> [What you have to do]
A word-for-word transcription of the records is required.

> [Given records]
------

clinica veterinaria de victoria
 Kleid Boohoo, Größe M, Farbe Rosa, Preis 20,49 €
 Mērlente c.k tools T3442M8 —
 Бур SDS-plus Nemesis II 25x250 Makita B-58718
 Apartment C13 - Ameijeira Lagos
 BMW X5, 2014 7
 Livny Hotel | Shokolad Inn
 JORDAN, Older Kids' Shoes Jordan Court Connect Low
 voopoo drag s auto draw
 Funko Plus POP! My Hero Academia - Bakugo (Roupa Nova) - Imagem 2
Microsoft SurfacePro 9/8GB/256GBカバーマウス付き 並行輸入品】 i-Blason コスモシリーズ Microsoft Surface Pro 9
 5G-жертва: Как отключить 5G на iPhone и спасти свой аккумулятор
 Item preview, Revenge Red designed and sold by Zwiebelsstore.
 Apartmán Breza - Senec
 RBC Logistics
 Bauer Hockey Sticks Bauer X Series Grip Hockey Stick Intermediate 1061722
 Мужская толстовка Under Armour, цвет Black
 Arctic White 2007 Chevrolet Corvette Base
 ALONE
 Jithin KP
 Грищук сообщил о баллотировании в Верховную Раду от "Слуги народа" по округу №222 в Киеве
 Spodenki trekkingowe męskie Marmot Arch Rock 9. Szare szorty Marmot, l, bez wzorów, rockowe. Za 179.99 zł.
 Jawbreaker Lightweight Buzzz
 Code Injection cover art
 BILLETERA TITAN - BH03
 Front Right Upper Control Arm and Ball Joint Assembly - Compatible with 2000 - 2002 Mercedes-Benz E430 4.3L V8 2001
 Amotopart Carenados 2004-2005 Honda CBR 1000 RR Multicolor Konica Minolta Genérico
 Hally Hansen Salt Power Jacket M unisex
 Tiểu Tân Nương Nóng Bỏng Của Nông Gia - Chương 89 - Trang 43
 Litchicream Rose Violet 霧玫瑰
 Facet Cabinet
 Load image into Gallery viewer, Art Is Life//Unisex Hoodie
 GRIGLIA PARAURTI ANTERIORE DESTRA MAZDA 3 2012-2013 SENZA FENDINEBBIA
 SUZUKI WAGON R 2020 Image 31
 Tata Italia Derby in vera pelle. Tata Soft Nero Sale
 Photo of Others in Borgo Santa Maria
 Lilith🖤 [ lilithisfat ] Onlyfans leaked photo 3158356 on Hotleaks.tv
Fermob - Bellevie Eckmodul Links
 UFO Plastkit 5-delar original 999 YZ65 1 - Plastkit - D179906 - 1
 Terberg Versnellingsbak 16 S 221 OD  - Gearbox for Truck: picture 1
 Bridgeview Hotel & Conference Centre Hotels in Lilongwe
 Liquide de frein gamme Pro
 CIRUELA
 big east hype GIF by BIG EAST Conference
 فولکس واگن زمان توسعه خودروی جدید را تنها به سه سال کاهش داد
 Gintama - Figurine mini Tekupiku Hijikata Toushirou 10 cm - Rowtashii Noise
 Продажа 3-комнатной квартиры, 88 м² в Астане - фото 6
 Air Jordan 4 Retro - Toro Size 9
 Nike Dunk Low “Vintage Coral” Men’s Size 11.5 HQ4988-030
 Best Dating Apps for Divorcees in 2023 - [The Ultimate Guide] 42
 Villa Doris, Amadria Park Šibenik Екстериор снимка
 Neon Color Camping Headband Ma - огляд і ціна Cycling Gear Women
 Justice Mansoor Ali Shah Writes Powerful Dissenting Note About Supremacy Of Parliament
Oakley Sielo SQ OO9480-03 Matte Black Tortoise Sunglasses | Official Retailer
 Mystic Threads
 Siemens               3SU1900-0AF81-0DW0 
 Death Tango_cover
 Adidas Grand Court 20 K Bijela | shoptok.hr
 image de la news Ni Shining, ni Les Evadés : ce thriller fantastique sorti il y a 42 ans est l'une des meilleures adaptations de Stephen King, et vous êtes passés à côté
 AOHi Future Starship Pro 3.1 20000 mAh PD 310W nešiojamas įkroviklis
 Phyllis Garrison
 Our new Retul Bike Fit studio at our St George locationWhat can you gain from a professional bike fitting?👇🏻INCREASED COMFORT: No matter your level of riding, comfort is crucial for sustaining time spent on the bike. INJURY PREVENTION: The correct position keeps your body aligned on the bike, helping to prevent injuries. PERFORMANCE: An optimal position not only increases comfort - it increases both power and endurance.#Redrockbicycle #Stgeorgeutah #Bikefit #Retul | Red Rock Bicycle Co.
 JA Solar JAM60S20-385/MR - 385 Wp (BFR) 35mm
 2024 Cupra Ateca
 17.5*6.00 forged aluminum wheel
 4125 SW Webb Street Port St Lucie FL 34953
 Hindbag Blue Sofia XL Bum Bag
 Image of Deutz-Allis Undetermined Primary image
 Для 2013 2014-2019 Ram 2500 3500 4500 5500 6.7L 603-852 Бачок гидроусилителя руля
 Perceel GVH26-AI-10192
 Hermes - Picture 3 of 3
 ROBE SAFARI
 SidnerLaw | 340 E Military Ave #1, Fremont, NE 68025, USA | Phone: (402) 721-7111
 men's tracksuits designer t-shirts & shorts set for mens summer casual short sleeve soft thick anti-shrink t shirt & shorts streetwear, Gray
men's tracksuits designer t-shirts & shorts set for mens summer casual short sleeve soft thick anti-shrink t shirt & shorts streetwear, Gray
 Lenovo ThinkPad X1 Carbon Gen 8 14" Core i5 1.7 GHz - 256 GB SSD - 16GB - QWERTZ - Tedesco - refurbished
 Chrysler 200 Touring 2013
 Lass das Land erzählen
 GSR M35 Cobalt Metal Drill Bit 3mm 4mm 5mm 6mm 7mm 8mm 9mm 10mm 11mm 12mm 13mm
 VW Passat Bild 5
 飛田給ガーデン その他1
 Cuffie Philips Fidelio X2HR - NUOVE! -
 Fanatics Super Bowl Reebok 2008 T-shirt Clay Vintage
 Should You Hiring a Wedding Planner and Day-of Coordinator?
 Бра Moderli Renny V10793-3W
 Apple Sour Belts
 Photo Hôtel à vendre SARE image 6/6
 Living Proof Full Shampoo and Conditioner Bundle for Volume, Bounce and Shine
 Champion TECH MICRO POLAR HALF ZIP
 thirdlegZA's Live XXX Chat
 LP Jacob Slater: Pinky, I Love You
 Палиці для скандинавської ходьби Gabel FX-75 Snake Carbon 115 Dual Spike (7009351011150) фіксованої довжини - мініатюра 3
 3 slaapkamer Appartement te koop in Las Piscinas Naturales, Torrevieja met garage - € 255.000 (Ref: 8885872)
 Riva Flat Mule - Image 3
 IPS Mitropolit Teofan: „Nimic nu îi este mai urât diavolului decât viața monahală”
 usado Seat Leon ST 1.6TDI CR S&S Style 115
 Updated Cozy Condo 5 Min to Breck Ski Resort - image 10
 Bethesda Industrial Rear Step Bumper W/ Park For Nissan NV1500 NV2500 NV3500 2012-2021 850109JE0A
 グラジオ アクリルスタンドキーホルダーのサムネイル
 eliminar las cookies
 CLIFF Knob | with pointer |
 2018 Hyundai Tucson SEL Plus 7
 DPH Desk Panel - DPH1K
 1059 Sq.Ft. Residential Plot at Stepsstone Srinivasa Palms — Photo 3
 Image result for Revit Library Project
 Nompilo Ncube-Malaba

------

> [Solution to this problem]
clinica veterinaria de victoria
 Kleid Boohoo, Größe M, Farbe Rosa, Preis 20,49 €
 Mērlente c.k tools T3442M8 —
 Бур SDS-plus Nemesis II 25x250 Makita B-58718
 Apartment C13 - Ameijeira Lagos
 BMW X5, 2014 7
 Livny Hotel | Shokolad Inn
 JORDAN, Older Kids' Shoes Jordan Court Connect Low
 voopoo drag s auto draw
 Funko Plus POP! My Hero Academia - Bakugo (Roupa Nova) - Imagem 2
Microsoft SurfacePro 9/8GB/256GBカバーマウス付き 並行輸入品】 i-Blason コスモシリーズ Microsoft Surface Pro 9
 5G-жертва: Как отключить 5G на iPhone и спасти свой аккумулятор
 Item preview, Revenge Red designed and sold by Zwiebelsstore.
 Apartmán Breza - Senec
 RBC Logistics
 Bauer Hockey Sticks Bauer X Series Grip Hockey Stick Intermediate 1061722
 Мужская толстовка Under Armour, цвет Black
 Arctic White 2007 Chevrolet Corvette Base
 ALONE
 Jithin KP
 Грищук сообщил о баллотировании в Верховную Раду от "Слуги народа" по округу №222 в Киеве
 Spodenki trekkingowe męskie Marmot Arch Rock 9. Szare szorty Marmot, l, bez wzorów, rockowe. Za 179.99 zł.
 Jawbreaker Lightweight Buzzz
 Code Injection cover art
 BILLETERA TITAN - BH03
 Front Right Upper Control Arm and Ball Joint Assembly - Compatible with 2000 - 2002 Mercedes-Benz E430 4.3L V8 2001
 Amotopart Carenados 2004-2005 Honda CBR 1000 RR Multicolor Konica Minolta Genérico
 Hally Hansen Salt Power Jacket M unisex
 Tiểu Tân Nương Nóng Bỏng Của Nông Gia - Chương 89 - Trang 43
 Litchicream Rose Violet 霧玫瑰
 Facet Cabinet
 Load image into Gallery viewer, Art Is Life//Unisex Hoodie
 GRIGLIA PARAURTI ANTERIORE DESTRA MAZDA 3 2012-2013 SENZA FENDINEBBIA
 SUZUKI WAGON R 2020 Image 31
 Tata Italia Derby in vera pelle. Tata Soft Nero Sale
 Photo of Others in Borgo Santa Maria
 Lilith🖤 [ lilithisfat ] Onlyfans leaked photo 3158356 on Hotleaks.tv
Fermob - Bellevie Eckmodul Links
 UFO Plastkit 5-delar original 999 YZ65 1 - Plastkit - D179906 - 1
 Terberg Versnellingsbak 16 S 221 OD  - Gearbox for Truck: picture 1
 Bridgeview Hotel & Conference Centre Hotels in Lilongwe
 Liquide de frein gamme Pro
 CIRUELA
 big east hype GIF by BIG EAST Conference
 فولکس واگن زمان توسعه خودروی جدید را تنها به سه سال کاهش داد
 Gintama - Figurine mini Tekupiku Hijikata Toushirou 10 cm - Rowtashii Noise
 Продажа 3-комнатной квартиры, 88 м² в Астане - фото 6
 Air Jordan 4 Retro - Toro Size 9
 Nike Dunk Low “Vintage Coral” Men’s Size 11.5 HQ4988-030
 Best Dating Apps for Divorcees in 2023 - [The Ultimate Guide] 42
 Villa Doris, Amadria Park Šibenik Екстериор снимка
 Neon Color Camping Headband Ma - огляд і ціна Cycling Gear Women
 Justice Mansoor Ali Shah Writes Powerful Dissenting Note About Supremacy Of Parliament
Oakley Sielo SQ OO9480-03 Matte Black Tortoise Sunglasses | Official Retailer
 Mystic Threads
 Siemens               3SU1900-0AF81-0DW0 
 Death Tango_cover
 Adidas Grand Court 20 K Bijela | shoptok.hr
 image de la news Ni Shining, ni Les Evadés : ce thriller fantastique sorti il y a 42 ans est l'une des meilleures adaptations de Stephen King, et vous êtes passés à côté
 AOHi Future Starship Pro 3.1 20000 mAh PD 310W nešiojamas įkroviklis
 Phyllis Garrison
 Our new Retul Bike Fit studio at our St George locationWhat can you gain from a professional bike fitting?👇🏻INCREASED COMFORT: No matter your level of riding, comfort is crucial for sustaining time spent on the bike. INJURY PREVENTION: The correct position keeps your body aligned on the bike, helping to prevent injuries. PERFORMANCE: An optimal position not only increases comfort - it increases both power and endurance.#Redrockbicycle #Stgeorgeutah #Bikefit #Retul | Red Rock Bicycle Co.
 JA Solar JAM60S20-385/MR - 385 Wp (BFR) 35mm
 2024 Cupra Ateca
 17.5*6.00 forged aluminum wheel
 4125 SW Webb Street Port St Lucie FL 34953
 Hindbag Blue Sofia XL Bum Bag
 Image of Deutz-Allis Undetermined Primary image
 Для 2013 2014-2019 Ram 2500 3500 4500 5500 6.7L 603-852 Бачок гидроусилителя руля
 Perceel GVH26-AI-10192
 Hermes - Picture 3 of 3
 ROBE SAFARI
 SidnerLaw | 340 E Military Ave #1, Fremont, NE 68025, USA | Phone: (402) 721-7111
 men's tracksuits designer t-shirts & shorts set for mens summer casual short sleeve soft thick anti-shrink t shirt & shorts streetwear, Gray
men's tracksuits designer t-shirts & shorts set for mens summer casual short sleeve soft thick anti-shrink t shirt & shorts streetwear, Gray
 Lenovo ThinkPad X1 Carbon Gen 8 14" Core i5 1.7 GHz - 256 GB SSD - 16GB - QWERTZ - Tedesco - refurbished
 Chrysler 200 Touring 2013
 Lass das Land erzählen
 GSR M35 Cobalt Metal Drill Bit 3mm 4mm 5mm 6mm 7mm 8mm 9mm 10mm 11mm 12mm 13mm
 VW Passat Bild 5
 飛田給ガーデン その他1
 Cuffie Philips Fidelio X2HR - NUOVE! -
 Fanatics Super Bowl Reebok 2008 T-shirt Clay Vintage
 Should You Hiring a Wedding Planner and Day-of Coordinator?
 Бра Moderli Renny V10793-3W
 Apple Sour Belts
 Photo Hôtel à vendre SARE image 6/6
 Living Proof Full Shampoo and Conditioner Bundle for Volume, Bounce and Shine
 Champion TECH MICRO POLAR HALF ZIP
 thirdlegZA's Live XXX Chat
 LP Jacob Slater: Pinky, I Love You
 Палиці для скандинавської ходьби Gabel FX-75 Snake Carbon 115 Dual Spike (7009351011150) фіксованої довжини - мініатюра 3
 3 slaapkamer Appartement te koop in Las Piscinas Naturales, Torrevieja met garage - € 255.000 (Ref: 8885872)
 Riva Flat Mule - Image 3
 IPS Mitropolit Teofan: „Nimic nu îi este mai urât diavolului decât viața monahală”
 usado Seat Leon ST 1.6TDI CR S&S Style 115
 Updated Cozy Condo 5 Min to Breck Ski Resort - image 10
 Bethesda Industrial Rear Step Bumper W/ Park For Nissan NV1500 NV2500 NV3500 2012-2021 850109JE0A
 グラジオ アクリルスタンドキーホルダーのサムネイル
 eliminar las cookies
 CLIFF Knob | with pointer |
 2018 Hyundai Tucson SEL Plus 7
 DPH Desk Panel - DPH1K
 1059 Sq.Ft. Residential Plot at Stepsstone Srinivasa Palms — Photo 3
 Image result for Revit Library Project
 Nompilo Ncube-Malaba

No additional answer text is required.